▶ **TASK DETAILS**
Your response should consist solely of the lines from the one containing "Self-cleaning docks eliminate odor" through the end of the data, copied exactly.

TASK INPUT START

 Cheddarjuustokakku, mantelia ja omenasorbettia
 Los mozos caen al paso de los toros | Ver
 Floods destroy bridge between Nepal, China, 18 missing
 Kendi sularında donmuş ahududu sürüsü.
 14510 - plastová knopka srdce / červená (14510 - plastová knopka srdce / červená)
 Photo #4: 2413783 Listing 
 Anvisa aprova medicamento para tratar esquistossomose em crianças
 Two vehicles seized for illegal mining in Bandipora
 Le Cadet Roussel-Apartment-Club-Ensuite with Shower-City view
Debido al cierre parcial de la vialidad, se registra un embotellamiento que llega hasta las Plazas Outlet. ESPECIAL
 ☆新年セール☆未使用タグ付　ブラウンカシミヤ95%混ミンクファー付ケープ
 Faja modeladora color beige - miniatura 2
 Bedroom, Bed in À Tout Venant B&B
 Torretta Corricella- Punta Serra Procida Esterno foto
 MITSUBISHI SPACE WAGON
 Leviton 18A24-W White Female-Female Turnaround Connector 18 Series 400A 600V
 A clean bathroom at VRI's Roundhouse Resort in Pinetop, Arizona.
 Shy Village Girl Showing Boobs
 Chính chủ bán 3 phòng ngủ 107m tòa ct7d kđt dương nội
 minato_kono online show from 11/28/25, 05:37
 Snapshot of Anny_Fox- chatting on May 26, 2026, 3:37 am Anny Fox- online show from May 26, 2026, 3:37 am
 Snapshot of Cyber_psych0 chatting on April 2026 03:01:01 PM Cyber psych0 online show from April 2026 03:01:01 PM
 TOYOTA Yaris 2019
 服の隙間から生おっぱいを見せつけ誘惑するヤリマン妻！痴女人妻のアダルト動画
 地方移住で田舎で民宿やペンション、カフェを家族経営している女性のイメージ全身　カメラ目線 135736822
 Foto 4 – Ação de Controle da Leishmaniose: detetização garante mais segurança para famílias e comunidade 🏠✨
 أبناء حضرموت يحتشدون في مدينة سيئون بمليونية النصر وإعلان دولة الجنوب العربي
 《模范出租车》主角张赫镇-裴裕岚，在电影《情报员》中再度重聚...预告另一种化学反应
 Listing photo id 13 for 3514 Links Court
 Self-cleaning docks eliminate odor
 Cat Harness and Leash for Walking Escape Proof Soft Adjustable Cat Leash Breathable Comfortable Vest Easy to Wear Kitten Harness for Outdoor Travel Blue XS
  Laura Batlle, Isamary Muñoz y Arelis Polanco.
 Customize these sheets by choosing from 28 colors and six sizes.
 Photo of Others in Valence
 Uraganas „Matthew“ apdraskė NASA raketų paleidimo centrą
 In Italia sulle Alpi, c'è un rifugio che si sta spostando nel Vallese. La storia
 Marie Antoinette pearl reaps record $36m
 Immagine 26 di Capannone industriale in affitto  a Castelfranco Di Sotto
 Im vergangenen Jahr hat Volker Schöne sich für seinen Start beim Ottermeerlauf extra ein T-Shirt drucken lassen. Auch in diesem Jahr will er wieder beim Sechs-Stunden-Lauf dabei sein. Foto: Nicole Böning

TASK INPUT END

▶ **EXERCISE RESULT**
 Self-cleaning docks eliminate odor
 Cat Harness and Leash for Walking Escape Proof Soft Adjustable Cat Leash Breathable Comfortable Vest Easy to Wear Kitten Harness for Outdoor Travel Blue XS
  Laura Batlle, Isamary Muñoz y Arelis Polanco.
 Customize these sheets by choosing from 28 colors and six sizes.
 Photo of Others in Valence
 Uraganas „Matthew“ apdraskė NASA raketų paleidimo centrą
 In Italia sulle Alpi, c'è un rifugio che si sta spostando nel Vallese. La storia
 Marie Antoinette pearl reaps record $36m
 Immagine 26 di Capannone industriale in affitto  a Castelfranco Di Sotto
 Im vergangenen Jahr hat Volker Schöne sich für seinen Start beim Ottermeerlauf extra ein T-Shirt drucken lassen. Auch in diesem Jahr will er wieder beim Sechs-Stunden-Lauf dabei sein. Foto: Nicole Böning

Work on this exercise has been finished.